Récemment, Yûji Kaida a même dessiné l’illustration japonaise du blockbuster américain Kong : Skull Island. Il reçoit en 1997 le prestigieux prix Seiun, récompensant les meilleurs créateurs de SF au Japon, et tient régulièrement des expositions de son travail… Jusqu’en France d’ailleurs. Japan Expo 2022 a été l’occasion, en plus de conférences, d’une exposition d’œuvres choisies.
Entretien avec Yûji KAIDA, le « peintre des kaijū »
Journal du Japon : Bonjour M. Kaida et merci de nous accorder cette interview.
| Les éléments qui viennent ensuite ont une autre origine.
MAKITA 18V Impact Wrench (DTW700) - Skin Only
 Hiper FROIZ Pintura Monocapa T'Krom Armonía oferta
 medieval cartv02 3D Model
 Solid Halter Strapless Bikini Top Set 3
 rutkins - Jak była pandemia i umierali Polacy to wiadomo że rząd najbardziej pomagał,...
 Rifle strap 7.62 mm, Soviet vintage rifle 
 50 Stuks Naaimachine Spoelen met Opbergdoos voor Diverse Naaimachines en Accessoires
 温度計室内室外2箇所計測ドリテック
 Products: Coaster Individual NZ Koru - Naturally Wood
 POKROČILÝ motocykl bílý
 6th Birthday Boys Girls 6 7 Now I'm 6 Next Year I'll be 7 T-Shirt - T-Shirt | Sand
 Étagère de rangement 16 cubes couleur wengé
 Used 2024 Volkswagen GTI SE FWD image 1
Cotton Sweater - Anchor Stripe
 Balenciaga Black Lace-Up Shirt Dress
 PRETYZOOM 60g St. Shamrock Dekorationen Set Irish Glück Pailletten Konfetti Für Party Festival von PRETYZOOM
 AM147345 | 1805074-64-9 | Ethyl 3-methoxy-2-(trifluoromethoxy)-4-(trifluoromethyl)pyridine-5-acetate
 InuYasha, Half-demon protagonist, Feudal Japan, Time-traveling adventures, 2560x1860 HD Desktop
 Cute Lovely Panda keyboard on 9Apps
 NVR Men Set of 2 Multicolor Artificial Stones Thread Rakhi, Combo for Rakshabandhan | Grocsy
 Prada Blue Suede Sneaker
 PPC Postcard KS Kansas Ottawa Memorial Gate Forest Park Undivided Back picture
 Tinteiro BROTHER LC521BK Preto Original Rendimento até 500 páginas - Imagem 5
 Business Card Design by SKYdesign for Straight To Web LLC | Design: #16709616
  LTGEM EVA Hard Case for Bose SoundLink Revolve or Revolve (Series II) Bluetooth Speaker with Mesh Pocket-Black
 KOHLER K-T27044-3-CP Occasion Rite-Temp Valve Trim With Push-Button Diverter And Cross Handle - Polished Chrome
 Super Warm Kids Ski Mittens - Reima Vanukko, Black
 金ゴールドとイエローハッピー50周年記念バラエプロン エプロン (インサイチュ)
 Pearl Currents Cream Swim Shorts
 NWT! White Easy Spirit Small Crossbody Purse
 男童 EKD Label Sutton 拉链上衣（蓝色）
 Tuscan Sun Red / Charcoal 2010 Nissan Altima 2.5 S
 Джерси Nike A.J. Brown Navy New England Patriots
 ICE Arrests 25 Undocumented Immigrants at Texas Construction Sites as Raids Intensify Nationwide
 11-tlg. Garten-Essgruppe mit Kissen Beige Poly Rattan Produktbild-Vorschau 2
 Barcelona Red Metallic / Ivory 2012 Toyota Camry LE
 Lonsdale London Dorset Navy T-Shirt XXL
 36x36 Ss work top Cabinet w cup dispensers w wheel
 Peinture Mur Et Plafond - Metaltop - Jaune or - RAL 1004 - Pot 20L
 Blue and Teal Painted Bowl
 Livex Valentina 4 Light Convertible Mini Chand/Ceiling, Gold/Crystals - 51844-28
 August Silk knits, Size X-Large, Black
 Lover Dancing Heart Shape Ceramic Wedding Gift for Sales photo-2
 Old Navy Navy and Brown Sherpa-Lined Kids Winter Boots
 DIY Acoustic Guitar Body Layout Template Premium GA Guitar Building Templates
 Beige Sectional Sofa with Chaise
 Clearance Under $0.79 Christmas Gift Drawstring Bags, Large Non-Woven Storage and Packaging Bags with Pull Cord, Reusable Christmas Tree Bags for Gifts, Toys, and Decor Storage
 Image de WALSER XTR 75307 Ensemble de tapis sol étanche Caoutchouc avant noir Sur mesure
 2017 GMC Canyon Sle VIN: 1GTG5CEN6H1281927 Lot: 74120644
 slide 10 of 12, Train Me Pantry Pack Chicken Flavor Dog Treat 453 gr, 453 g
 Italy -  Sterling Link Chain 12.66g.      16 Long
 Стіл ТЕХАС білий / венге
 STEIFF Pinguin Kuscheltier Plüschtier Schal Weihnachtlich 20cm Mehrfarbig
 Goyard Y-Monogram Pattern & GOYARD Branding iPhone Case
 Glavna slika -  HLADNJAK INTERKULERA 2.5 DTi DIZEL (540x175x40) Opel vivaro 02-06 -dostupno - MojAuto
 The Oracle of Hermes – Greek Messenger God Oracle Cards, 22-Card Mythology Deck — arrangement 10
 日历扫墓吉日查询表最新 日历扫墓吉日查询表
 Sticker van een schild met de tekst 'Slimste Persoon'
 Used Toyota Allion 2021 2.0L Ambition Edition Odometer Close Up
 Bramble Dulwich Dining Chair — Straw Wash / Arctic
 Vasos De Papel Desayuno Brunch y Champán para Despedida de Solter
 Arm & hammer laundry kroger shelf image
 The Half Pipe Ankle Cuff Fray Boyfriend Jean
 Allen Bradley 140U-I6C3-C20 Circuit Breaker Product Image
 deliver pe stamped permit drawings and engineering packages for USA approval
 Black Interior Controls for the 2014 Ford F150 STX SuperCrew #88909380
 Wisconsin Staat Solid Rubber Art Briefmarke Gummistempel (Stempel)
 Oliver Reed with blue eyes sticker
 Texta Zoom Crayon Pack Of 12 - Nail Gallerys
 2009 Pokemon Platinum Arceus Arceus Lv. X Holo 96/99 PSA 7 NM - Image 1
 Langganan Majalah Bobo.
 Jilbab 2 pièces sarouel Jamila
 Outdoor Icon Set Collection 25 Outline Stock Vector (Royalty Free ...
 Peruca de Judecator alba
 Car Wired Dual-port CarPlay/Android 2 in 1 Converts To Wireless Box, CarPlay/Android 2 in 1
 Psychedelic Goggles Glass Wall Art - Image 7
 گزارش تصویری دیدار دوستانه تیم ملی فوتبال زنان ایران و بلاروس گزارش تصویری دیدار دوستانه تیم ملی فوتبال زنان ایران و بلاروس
Japan Expo vous présente comme le « peintre des kaijū », pouvez-vous nous présenter plus en détail votre métier ?
Yuji KAIDA : Quand je suis sorti des Beaux-Arts de Kyoto, je suis monté à Tokyo car je voulais devenir illustrateur. Mais je n’imaginais pas que je le deviendrais uniquement dans l’univers des kaijū : j’étais près à travailler dans tous les domaines. En fait, mes amis qui avaient les mêmes goûts que moi et la passion du kaijū, sont devenus éditeurs, certains même de maisons de disques et ils m’ont commandé un par un des sujets de kaijū et de robots. Depuis, c’est devenu ma spécialité, et je ne peins presque plus que cela.
Justement, pour pouvoir dessiner ces kaijū et ces robots, quelles ont été vos plus grandes influences ?
Ce sont les films de kaijū et d’animation de robot qui m’ont surtout inspiré, et ce que je réalise ce sont ce que les cinéastes de ce genre souhaitaient et n’arrivaient pas à reproduire entièrement. Par exemple, dans les films de Hollywood, ils ont une forme bien définie. Contrairement aux films anciens japonais où c’était tourné dans des petits studios et travailler à la main, les cinéastes japonais n’arrivaient pas forcément à tout réaliser sur le film, donc moi je peux, avec mon illustration et ma peinture, aller plus loin comme ils l’auraient souhaité dans leurs esprits.
On a remarqué qu’en effet vous ne travailliez pas totalement sur vos designs, comme annoncé à la question précédente, et plutôt sur quelque chose qui ne vous appartient pas, est-ce que vous vous sentez restreint par cela ?
Non, je n’ai pas de frustration car je continue à peindre mes propres créations non réalisées dans les films ou dans les séries télévisées. En revanche, quand je travaille sur des personnages comme Godzilla ou Ultraman, j’essaie de faire ressortir leur attrait de façon originale et à ma manière.
Vous dessinez depuis maintenant plus de 30 ans, vous avez donc connu de nombreuses évolutions dans la manière de dessiner les illustrations (numérisation, CGI, etc.), avez-vous adapté vos techniques ou bien êtes-vous resté sur vos fondamentaux ?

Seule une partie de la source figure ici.